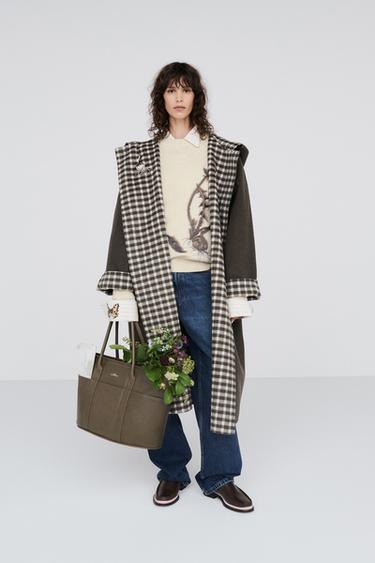 WOOL-BLEND PLAID DOUBLE-FACED COAT — Gray 1
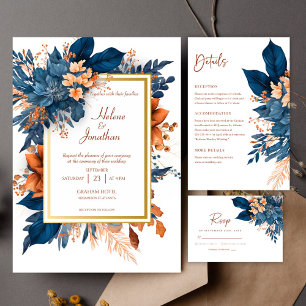 Cartão RSVP Casamento Floral Moderno Indigo Rust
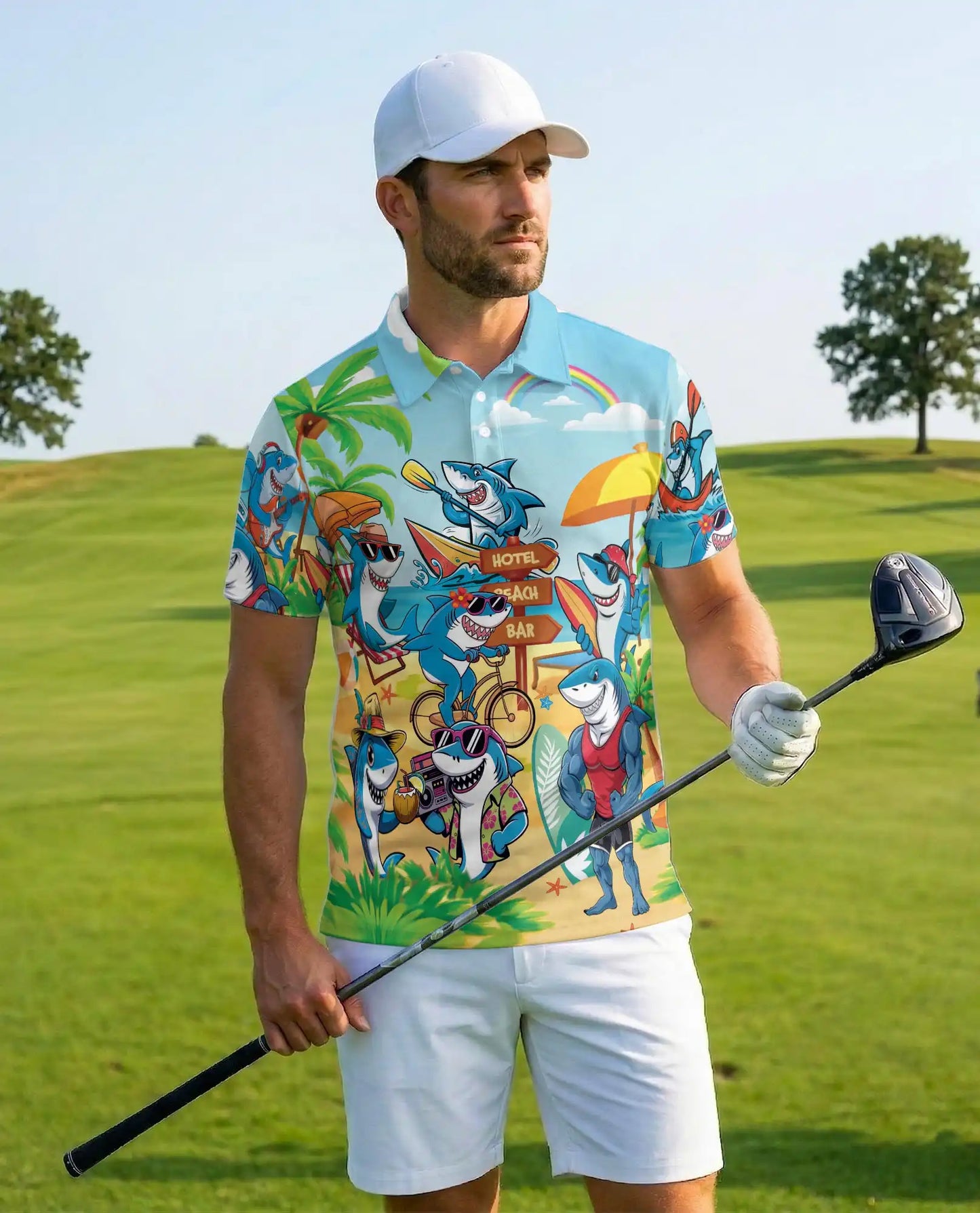 Beach Shark Polo Shirt for Men – Fun Vacation Style | Netecom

= Task item =
Inclusive range, exact copy: the line containing "Cartão RSVP Casamento" through the last line of the listing. Print nothing else, and no pictures.

= Answer space =
 Cartão RSVP Casamento Floral Moderno Indigo Rust
 Beach Shark Polo Shirt for Men – Fun Vacation Style | Netecom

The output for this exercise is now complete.